For ROS detection in mouse tumor tissues, the BH-02X9621 kit (Shanghai Bohu Biotechnology) was employed. Homogenized supernatants (200 μL) were mixed with 2 μL of dihydroethidium (DHE) probe in 96-well plates and incubated at 37 °C in a dark environment for 30 min. Following PBS rinses, nuclear counterstaining with DAPI, and slide mounting, fluorescence signals were quantified utilizing a microplate reader with excitation at 488–535 nm and emission at 610 nm.

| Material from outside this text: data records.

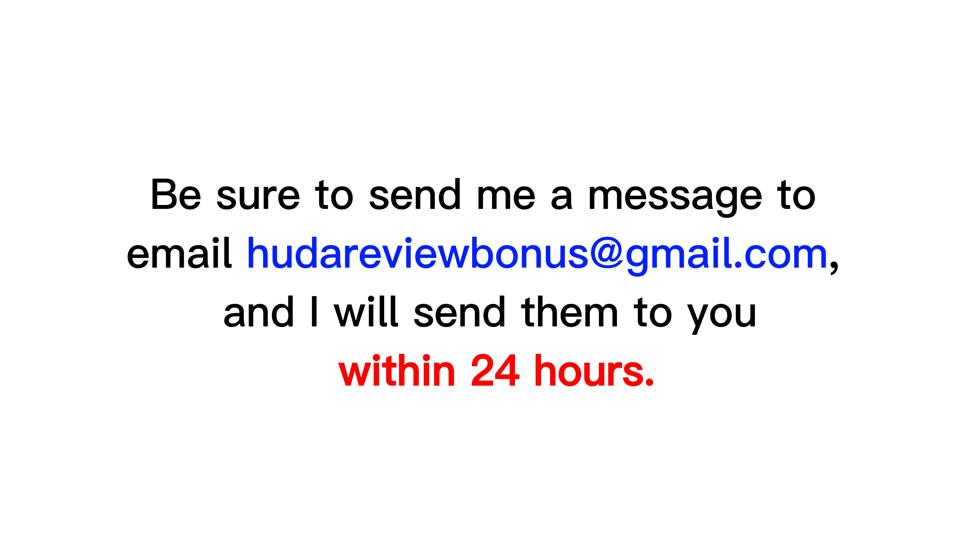Be sure to send me a message to email hootereviewbonus at gmail.com, and I will send them to you within 24 hours. Next, let's explore this product.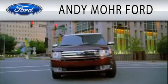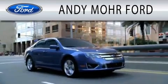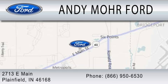Andy Moore Ford is dedicated to doing everything possible to ensure that the experience you have selecting your next vehicle is as pleasant as possible. We are located at 2713 East Main in Plainfield.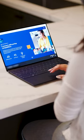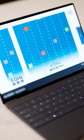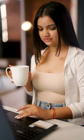Number three, boost connectivity. Opt for an Intel Evo laptop with Wi-Fi 6E for faster wireless speeds, reduced latency, and enhanced reliability. So you can say goodbye to buffering and hello to seamless studying, streaming, and gaming.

To evaluate lipid peroxidation, cells were labeled with 5 μM C11-BODIPY581/591 (D3861, Invitrogen) for 15 min under light-protected conditions. Oxidation-driven red-to-green fluorescence shifts were observed microscopically. In addition, malondialdehyde (MDA) content was assessed utilizing a colorimetric kit (BC0025, Solarbio, Beijing). Absorbance at 600 nm, 532 nm, and 450 nm was recorded, and MDA concentrations were calculated accordingly.

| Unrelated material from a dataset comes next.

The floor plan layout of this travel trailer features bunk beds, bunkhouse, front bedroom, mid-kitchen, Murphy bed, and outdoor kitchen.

Immunohistochemistry experiment

Tissue samples from mouse tumor and lung tissues were fixed in 4% paraformaldehyde, dehydrated, cleared, embedded in paraffin, and then sectioned. For immunohistochemical staining, tissue slices underwent deparaffinization and hydration, followed by heat-mediated epitope retrieval using microwave-assisted boiling in PBS. A polymer-based detection system (PV-9000, Proteintech, USA) was used for signal amplification. Sections were incubated overnight at 4 °C with primary antibodies diluted 1:500, including ABCB1 (ab170904), ABCA1 (ab18180), ABCB11 (ab315475), ABCC1 (ab260038), ABCD1 (ab124768), Ki67 (ab15580), N-cadherin (ab76011), E-cadherin (ab76319), and Vimentin (ab92547) (all from Abcam). Immunoreactive signals were visualized under a light microscope (CX43, Olympus, Japan), with positive staining identified by brown to yellow–brown chromogenic deposits. For quantification, five sections per mouse were analyzed in each group (n = 6 mice), and 6–10 fields per section were randomly selected. Semi-quantitative analysis of the stained regions was conducted utilizing ImageJ software.

Western blot

Total protein lysates were prepared from cultured cells and mouse tumor tissues using RIPA lysis buffer (P0013B, Beyotime, China), and concentrations were measured via BCA assay (A53226, Thermo Fisher, USA). Equal protein amounts were subjected to SDS-PAGE, followed by electrophoretic transfer onto PVDF membranes (PVH85R, Millipore, Germany) via a wet blotting system. After transfer, membranes were blocked with 10% BSA (37,520, Thermo, USA) at ambient temperature for 1 h, followed by overnight incubation at 4 °C with primary antibodies (1:1000, Abcam) targeting ABCB1 (ab170904), ABCA1 (ab18180), ABCB11 (ab315475), ABCC1 (ab260038), ABCD1 (ab124768), CD44 (ab243894), OCT4 (ab181557), NANOG (ab317506), SOX2 (ab92494), and the internal control GAPDH (ab9485). Following washes, membranes were incubated for 2 h with horseradish peroxidase-labeled goat anti-rabbit IgG (ab6721, 1:5000). Visualization of protein bands was achieved using a Syngene G:BOX F3 chemiluminescence imaging system (Antpedia, China), and signal intensity was quantified with ImageJ software. Expression levels were normalized to GAPDH and presented as grayscale ratios. Each cell experiment was conducted in triplicate, and animal experiments included six biological replicates per group.

RT-qPCR

Total RNA from cultured cells and tumor tissues was extracted using TRIzol reagent (ThermoFisher, USA), and its quality was evaluated with a Nanodrop 2000 spectrophotometer (ThermoFisher, USA). Complementary DNA (cDNA) was synthesized from the extracted RNA utilizing the PrimeScript RT Reagent Kit (Takara, Japan). Quantitative real-time PCR was subsequently conducted utilizing the Fast SYBR Green PCR Kit (ThermoFisher, USA) in triplicate, with GAPDH as the internal control. Relative gene expression was determined by the 2−ΔΔCt method. All assays were independently repeated three times. Primer sequences are listed in Table S3.

Statistical analysis

Statistical analyses of the research data were conducted utilizing SPSS v21.0 (IBM, USA). Data are expressed as mean ± standard deviation (SD). Prior to hypothesis testing, assumptions of normality and homogeneity of variance were evaluated. Two-group comparisons employed independent t-tests, while multiple group comparisons were assessed via one-way or repeated measures ANOVA, as appropriate. A significance level of P < 0.05 was used to indicate statistical significance.